● WORK TO BE COMPLETED: Could you restate word for word only the lines below from the one holding "Venta al por" to the one holding "Overhead view of", inclusive, and leave out the pictures?

● DATA TO USE:
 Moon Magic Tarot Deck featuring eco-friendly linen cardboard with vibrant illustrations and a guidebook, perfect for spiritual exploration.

--

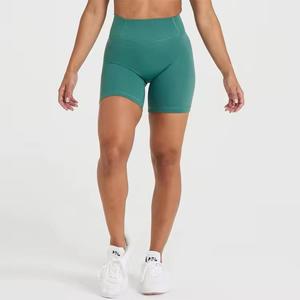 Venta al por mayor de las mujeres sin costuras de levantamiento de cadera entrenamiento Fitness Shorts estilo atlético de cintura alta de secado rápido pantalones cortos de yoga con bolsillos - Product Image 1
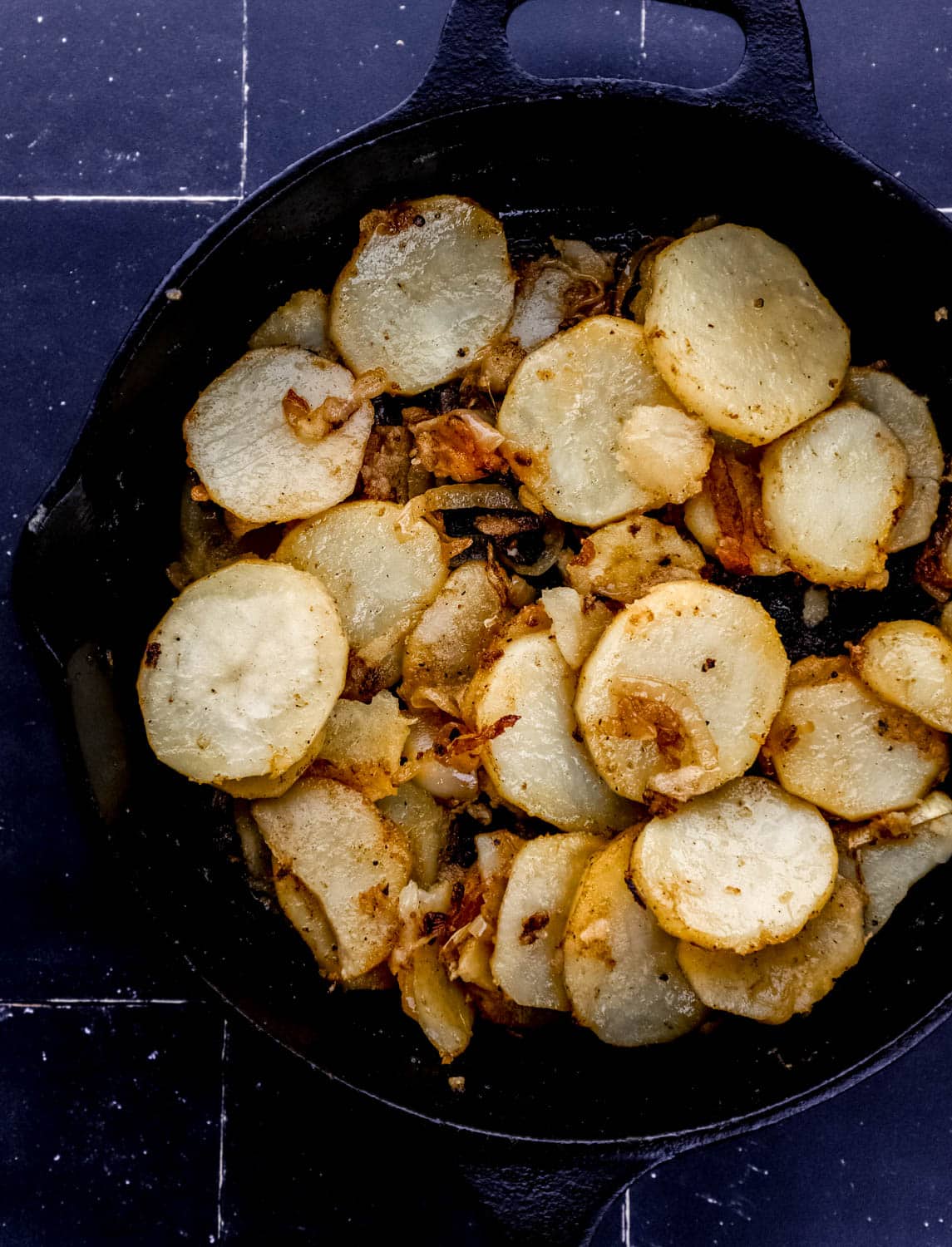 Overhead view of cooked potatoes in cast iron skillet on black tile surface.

● REPLY TO THE TASK:
 Venta al por mayor de las mujeres sin costuras de levantamiento de cadera entrenamiento Fitness Shorts estilo atlético de cintura alta de secado rápido pantalones cortos de yoga con bolsillos - Product Image 1
 Overhead view of cooked potatoes in cast iron skillet on black tile surface.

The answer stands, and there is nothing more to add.